Accessories4less and Home Theater Shack has teamed up to give away our Marantz SR6005 Receiver review unit to one lucky winner!

See our review of the unit here!

See the full details of how to qualify and enter here!

Good luck!


----------



## Sonnie (Apr 11, 2006)

And the winner is...

*tonyvdb*

Congratulations Tony... you are a very lucky man!

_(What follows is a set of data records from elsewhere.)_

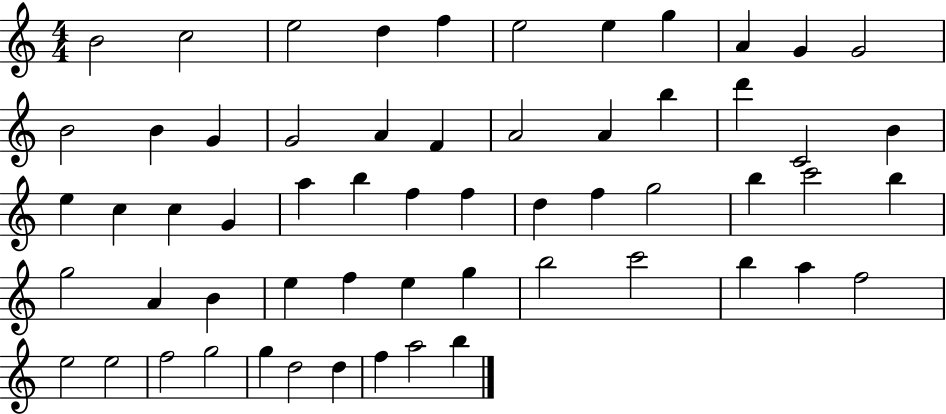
{
  \clef treble
  \numericTimeSignature
  \time 4/4
  \key c \major
  b'2 c''2 | e''2 d''4 f''4 | e''2 e''4 g''4 | a'4 g'4 g'2 | \break b'2 b'4 g'4 | g'2 a'4 f'4 | a'2 a'4 b''4 | d'''4 c'2 b'4 | \break e''4 c''4 c''4 g'4 | a''4 b''4 f''4 f''4 | d''4 f''4 g''2 | b''4 c'''2 b''4 | \break g''2 a'4 b'4 | e''4 f''4 e''4 g''4 | b''2 c'''2 | b''4 a''4 f''2 | \break e''2 e''2 | f''2 g''2 | g''4 d''2 d''4 | f''4 a''2 b''4 | \break \bar "|."
} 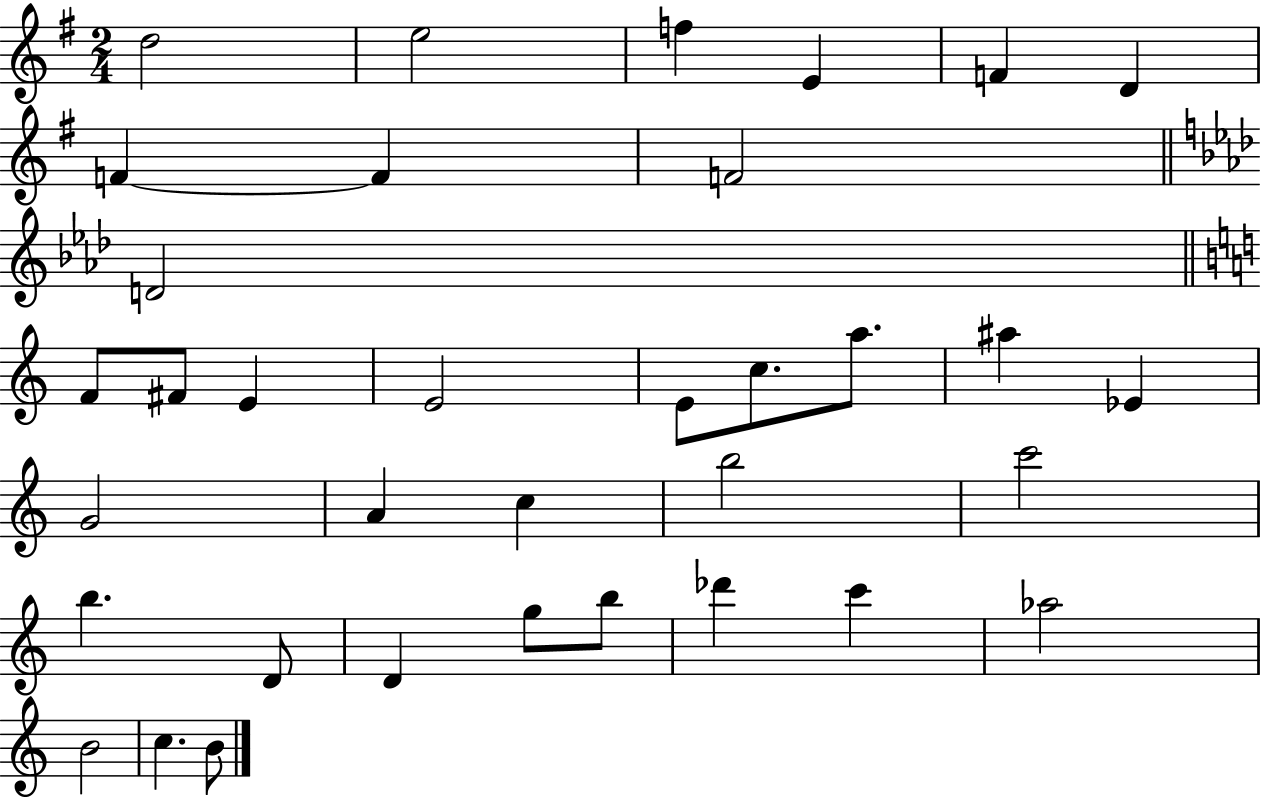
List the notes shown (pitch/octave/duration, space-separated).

D5/h E5/h F5/q E4/q F4/q D4/q F4/q F4/q F4/h D4/h F4/e F#4/e E4/q E4/h E4/e C5/e. A5/e. A#5/q Eb4/q G4/h A4/q C5/q B5/h C6/h B5/q. D4/e D4/q G5/e B5/e Db6/q C6/q Ab5/h B4/h C5/q. B4/e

We hope you enjoy your new toy. :yes:


----------



## Gregr (Nov 2, 2010)

Wow 
Wow, Tony nice win! I was hoping to win this along with the RAD DAC that Sonnie and the admin people awarded to me somehow. I was thinking this would be a good match up, but you probably have a DAC in that new SR6005 anyway.

Congrats


----------



## tonyvdb (Sep 5, 2007)

This is all a bit surreal right now, I am so thankful for this


----------



## vann_d (Apr 7, 2009)

I'm happy that a dedicated member won this great prize. Congrats Tony!


----------



## tonyvdb (Sep 5, 2007)

Thanks everyone


----------



## nova (Apr 30, 2006)

Congrats Tony. I can't wait to hear your thoughts on this unit as compared to your Onkyo and Yamaha.


----------



## Owen Bartley (Oct 18, 2006)

Congrats, Tony, looking forward to the review, and I hope the new receiver treats you well!


----------



## moparz10 (Sep 21, 2010)

congrats nice new toy for the holidays.


----------



## Gregr (Nov 2, 2010)

Congrats!

Gotta love it!!!


----------



## erwinbel (Mar 23, 2010)

Congrats!

I'm still smiling because of the Oppo BDP83SE I won last year! Just played The Dark Side Of The Moon Blu-ray on it...


----------



## Infrasonic (Sep 28, 2010)

Congrats Tony!


----------



## engtaz (Jul 9, 2010)

Congrats tonyvdb


----------



## tonyvdb (Sep 5, 2007)

Posted my review of it here if anyone is interested.


----------